=== Task description ===
Your task is to copy the lines from the line containing "thumbnail image 5" through the end of the listing below, both included, without any pictures.

=== Data under study ===
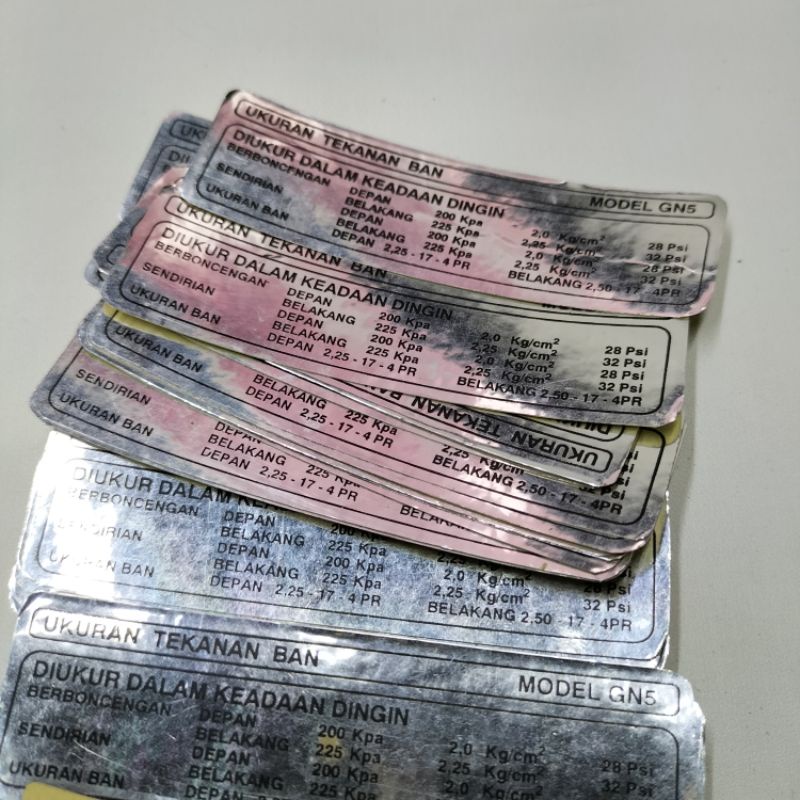 STIKER TEKANAN BAN STIKER TUTUP RANTAI ASTREA GRAND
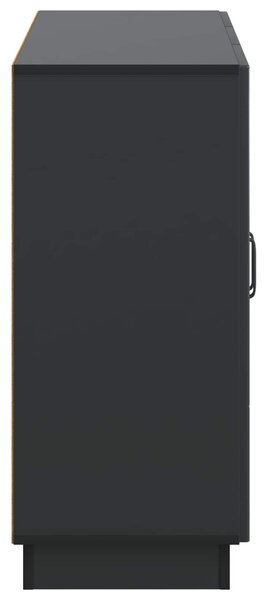 VidaXL Széf Fekete 89 x 34,5 x 77 cm Szerelt Fa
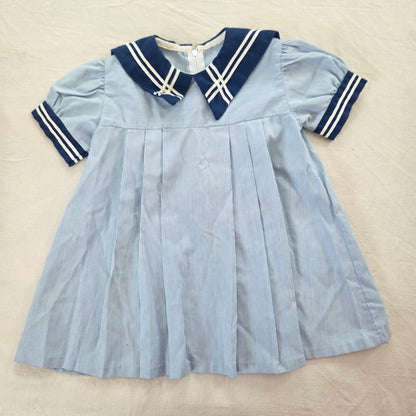 90s Vintage Sailor Dress 2t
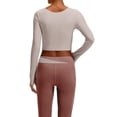 thumbnail image 5 of Women's Slim Fit Long-Sleeve Active Top - Stretchy Moisture-Wicking Yoga & Gym Wear, 5 of 5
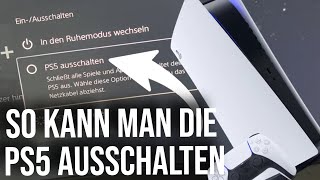 So kann man die PS5 ausschalten  PS5 ausschalten [upl. by Featherstone]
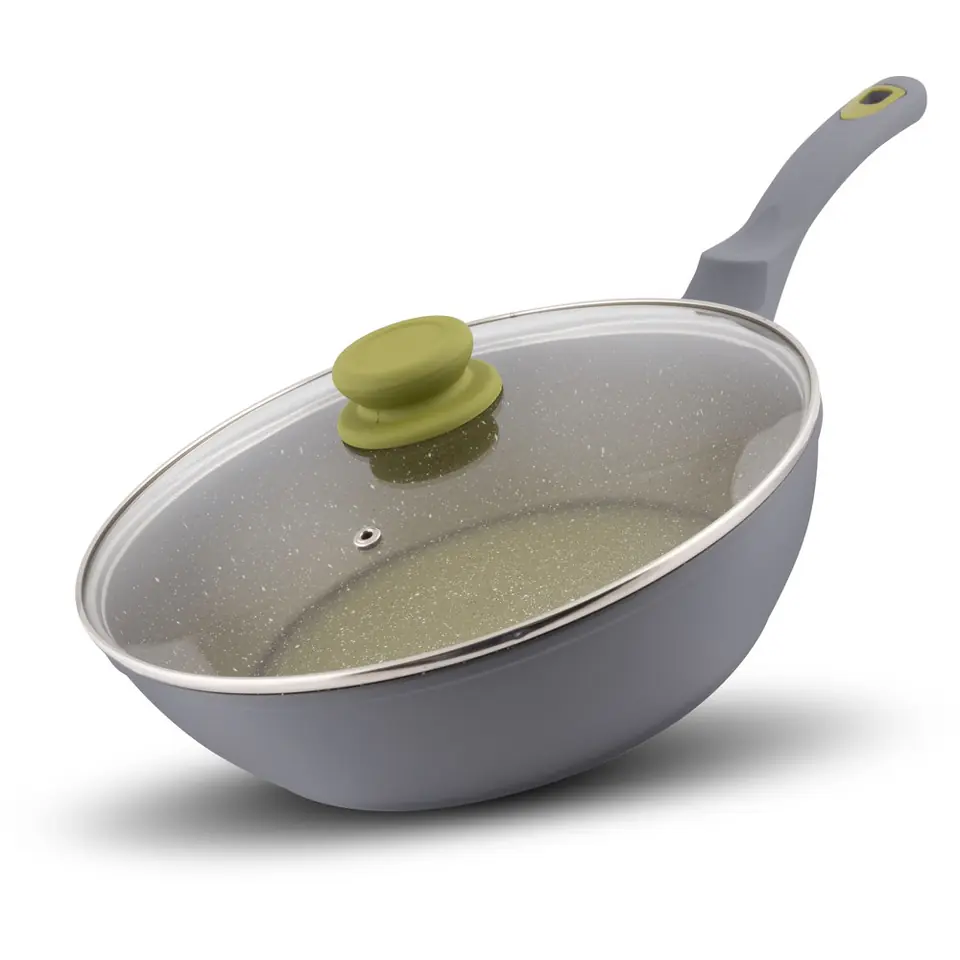 ⁨LAMART LT1196 OLIVE Wok 28cm, Non-stick, in⁩ at Wasserman.eu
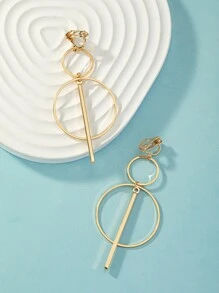 2 piezas/set Cuff de oreja con diseño de círculo - Amarillo Oro - Ver 4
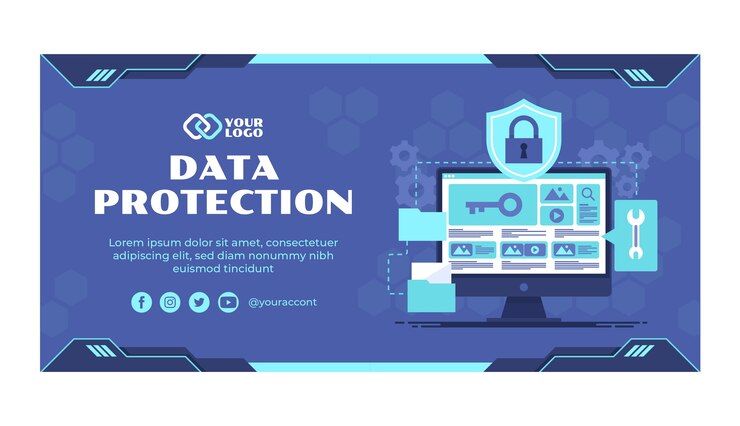 Free Vector flat design data privacy sale banner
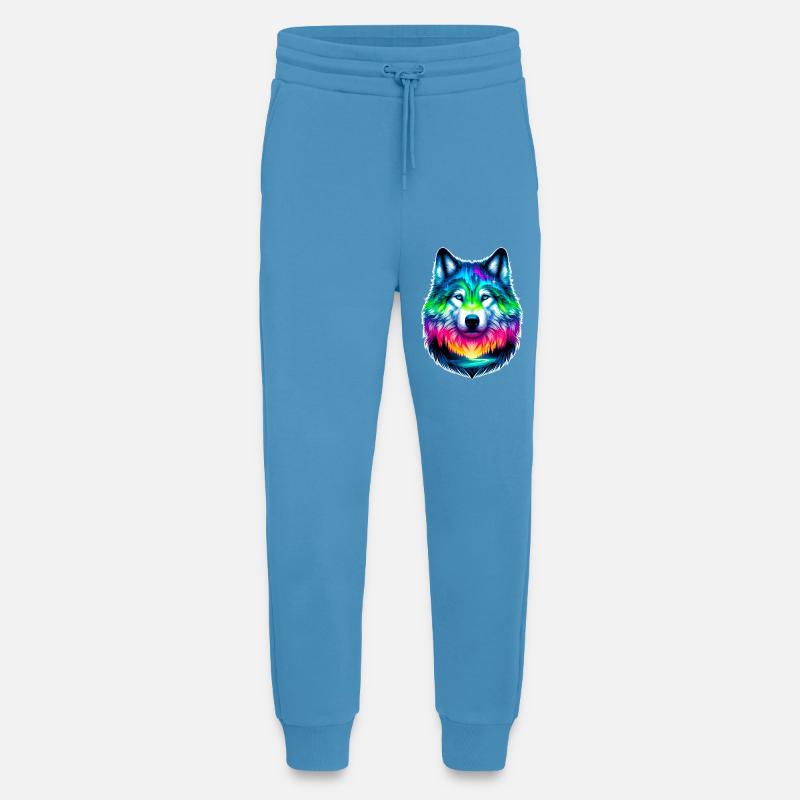Wolf - Jogging Pants - made by SPREAD  -  Sol Blue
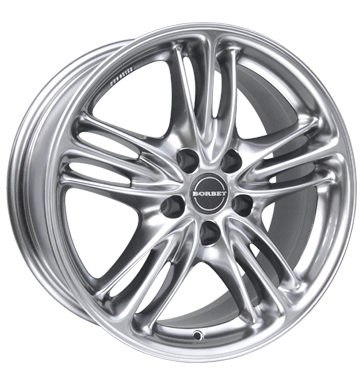 pneumatiky - 7.5x16 5x112 ET35 Borbet VS schwarz black chrome bezpecnostn vesty Rfky / Alu motocykl ventil Letn Total kola ALU disky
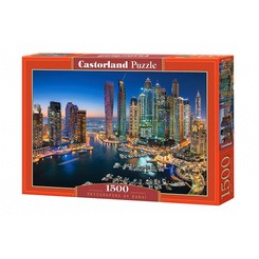 Puzzle 1500 buc. Zgârie-norii din Dubai universali Puzzle 1500 buc. Zgârie-norii din Dubai universali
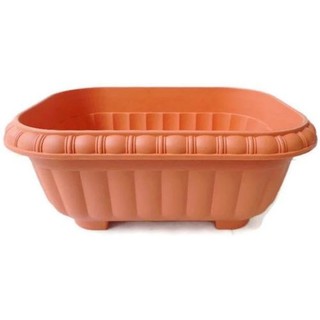 papamami Rectangle Plastic Pots NO.5 Japan กระถางปลูกต้นไม้สีส้ม (10ใบ)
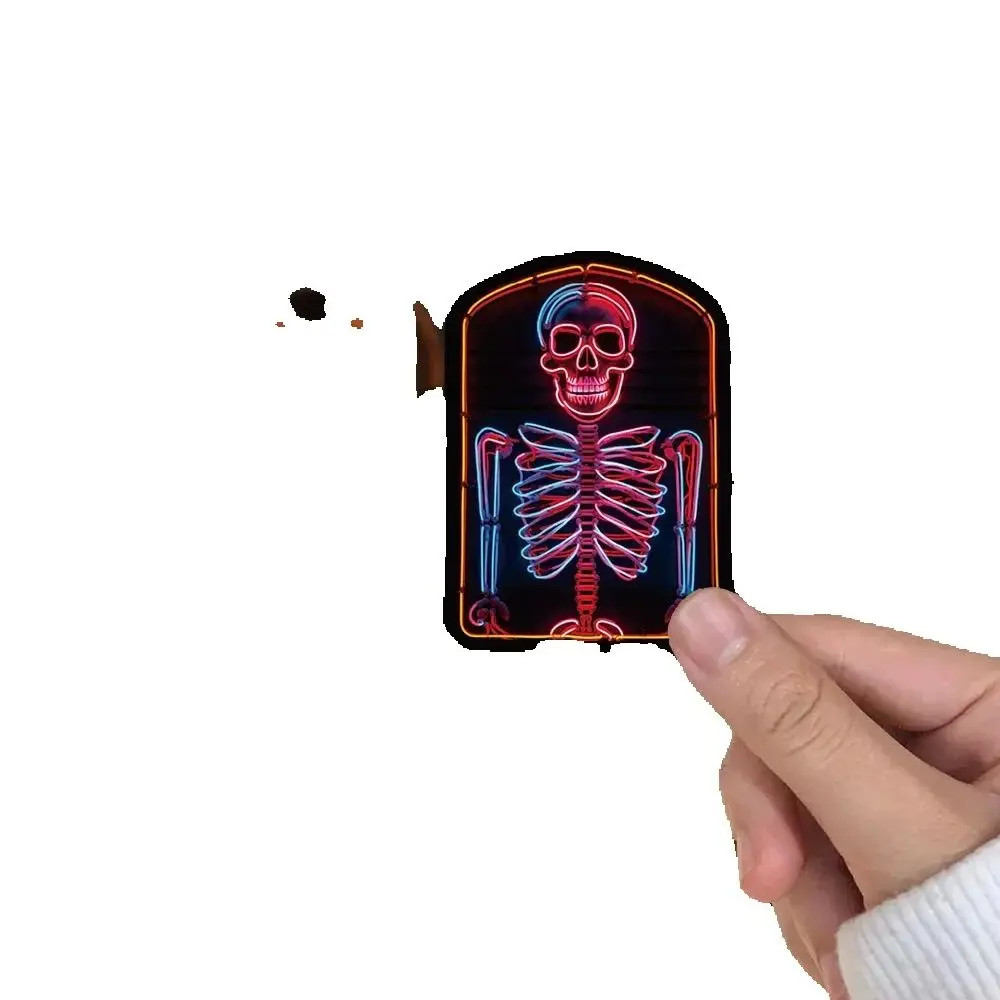 50PCS New Neon Halloween Sticker Pack Cartoon Creative Anime iPad Luggage Chair Decoration Waterproof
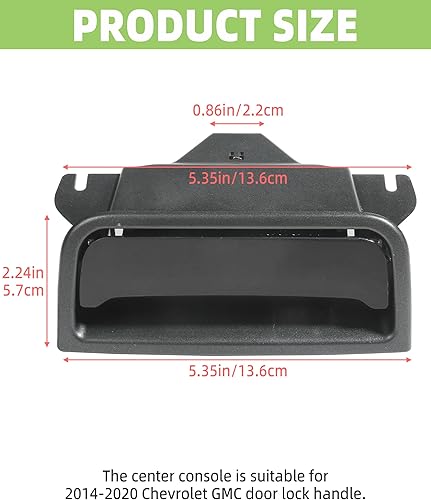 Miniatura 2 de Pestillo de consola central, pestillo para reposabrazos de consola central, accesorios de automóvil para el reposabrazos de la consola, tapa y mango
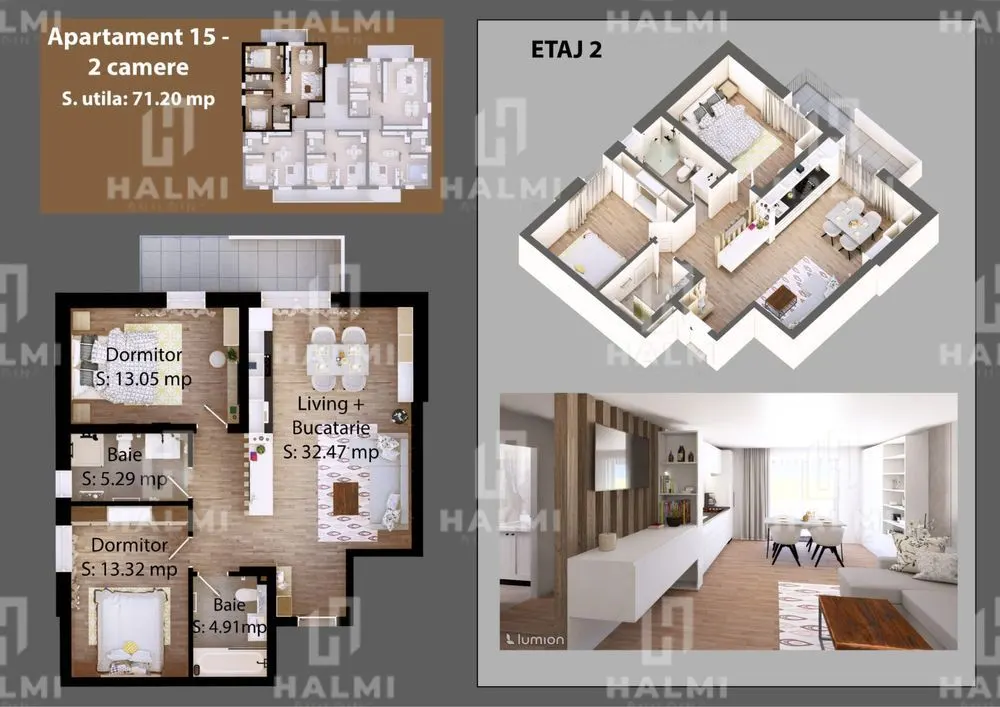 Apartament 3 camere Satu Mare - poza 1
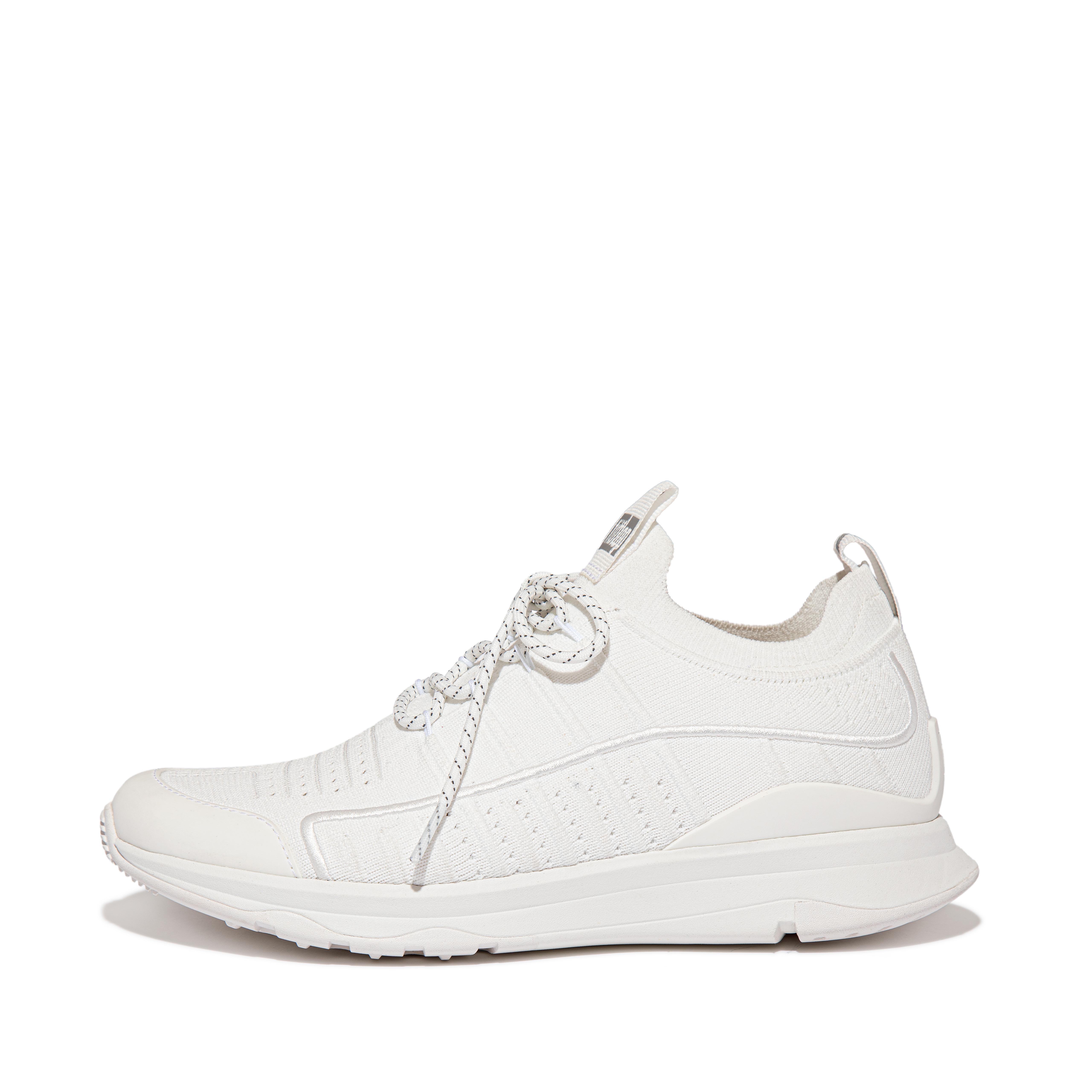 핏플랍 스니커즈 FitFlop VITAMIN FF Knit Sports Sneakers,Urban White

=== Expected answer ===
 thumbnail image 5 of Women's Slim Fit Long-Sleeve Active Top - Stretchy Moisture-Wicking Yoga & Gym Wear, 5 of 5
 So kann man die PS5 ausschalten  PS5 ausschalten [upl. by Featherstone]
 ⁨LAMART LT1196 OLIVE Wok 28cm, Non-stick, in⁩ at Wasserman.eu
 2 piezas/set Cuff de oreja con diseño de círculo - Amarillo Oro - Ver 4
 Free Vector flat design data privacy sale banner
Wolf - Jogging Pants - made by SPREAD  -  Sol Blue
 pneumatiky - 7.5x16 5x112 ET35 Borbet VS schwarz black chrome bezpecnostn vesty Rfky / Alu motocykl ventil Letn Total kola ALU disky
 Puzzle 1500 buc. Zgârie-norii din Dubai universali Puzzle 1500 buc. Zgârie-norii din Dubai universali
 papamami Rectangle Plastic Pots NO.5 Japan กระถางปลูกต้นไม้สีส้ม (10ใบ)
 50PCS New Neon Halloween Sticker Pack Cartoon Creative Anime iPad Luggage Chair Decoration Waterproof
 Miniatura 2 de Pestillo de consola central, pestillo para reposabrazos de consola central, accesorios de automóvil para el reposabrazos de la consola, tapa y mango
 Apartament 3 camere Satu Mare - poza 1
 핏플랍 스니커즈 FitFlop VITAMIN FF Knit Sports Sneakers,Urban White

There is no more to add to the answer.